The US Defense Advanced Research Projects Agency is experimenting with sensors, artificial intelligence, drones and human psychology to better protect troops with technologies that can distinguish between threats and noncombatants.
The Urban Reconnaissance through Supervised Autonomy (URSA) project aims to use autonomous systems to help the military detect hostile forces in cities and positively identify combatants before any U.S. troops come in contact with them. The program weaves legal, moral, and ethical concerns into its foundation.
The URSA vision is to develop technology to enable autonomous systems that U.S. ground forces supervise and operate to detect hostile forces and establish positive identification before any U.S. troops come in contact with them.
The program seeks to overcome the complexity of the urban environment by combining new knowledge about human behaviors, autonomy algorithms, integrated sensors, multiple sensor modalities, and measurable human responses to discriminate the subtle differences between hostile and innocent people.
As they do today, the combatants will make the final decision on whether to escalate or reduce response to a perceived threat. Those decisions, however, will benefit from additional intelligence from URSA prior to direct engagement, according to darpa.mil.
Lt. Col. Philip Root, the acting deputy director for DARPA’s Tactical Technology Office, told fcw.com how the Defense Department plans to forge relationships between humans and machines.
URSA’s approach to the problem of discriminating hostile and non-hostile persons in urban operations aims at supplying the soldier with more information about intent. “We do that by putting signs out, a stop sign. If they speed by the stop sign, that’s information. So we’re putting out a sign, a probe, to tell the target, someone we’re watching, to stop. And then we give them another sign — send out a flare or fire warning shots depending on rules of engagement — to insert a message. And how they respond is more information.”
“So as a military patrol is moving through a city, we’d love to let everyone know in advance.
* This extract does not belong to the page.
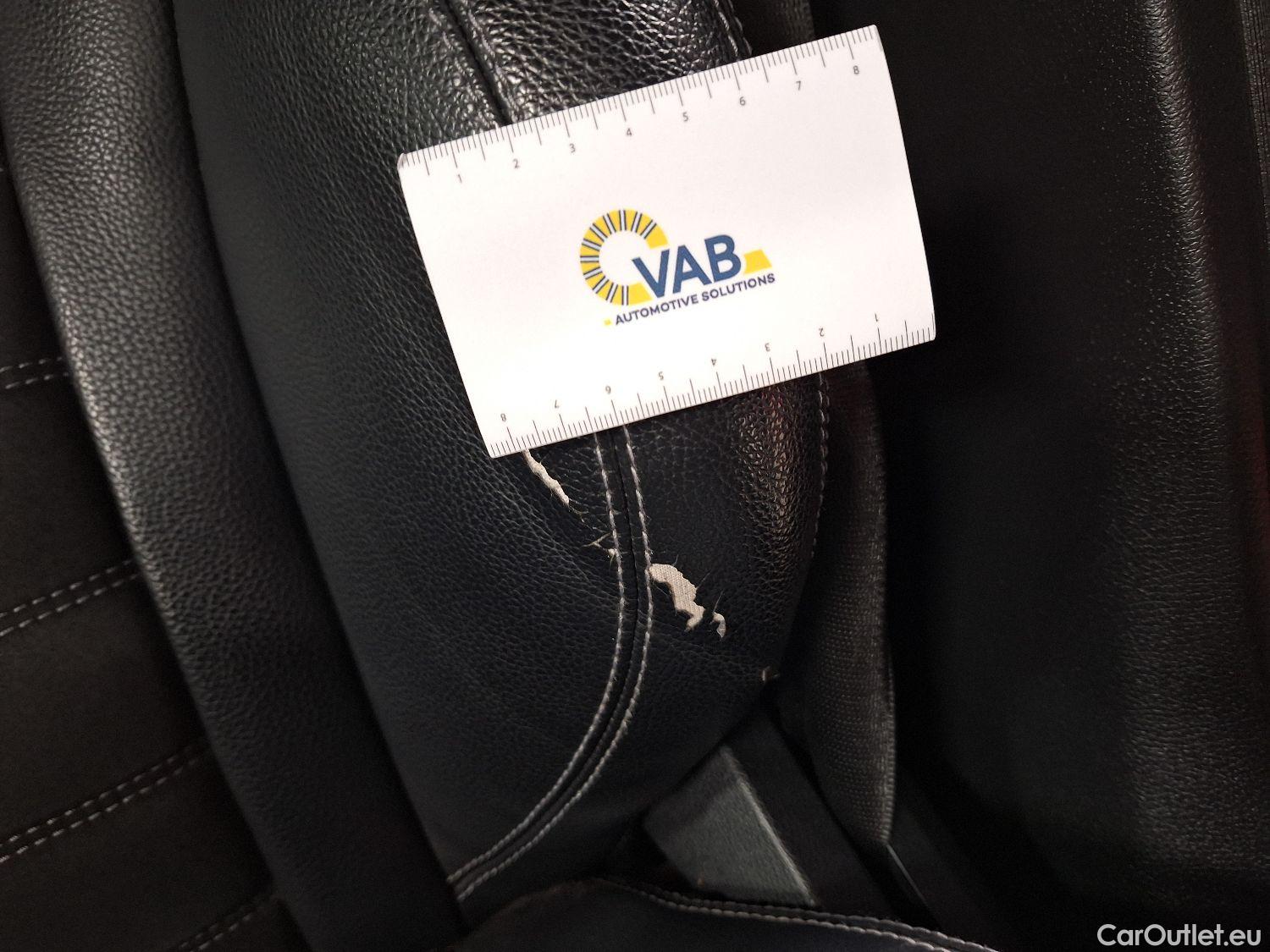  Mercedes  G-Klasee Mercedes, GLC FL'19, Mercedes-Benz GLC GLC 300 de Business Solution 4MA #2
But they can’t all just leave. We have to operate with non-combatants around and provide them every opportunity to remove themselves from the environment. Anyone left would then have hostile intent.”
He said one of the possible solutions could be sending a message via drone, calling people to refrain from walking outside, and advising them to go to the nearest building.
He said they have a team of behavioral psychologists and use social science models of how people respond.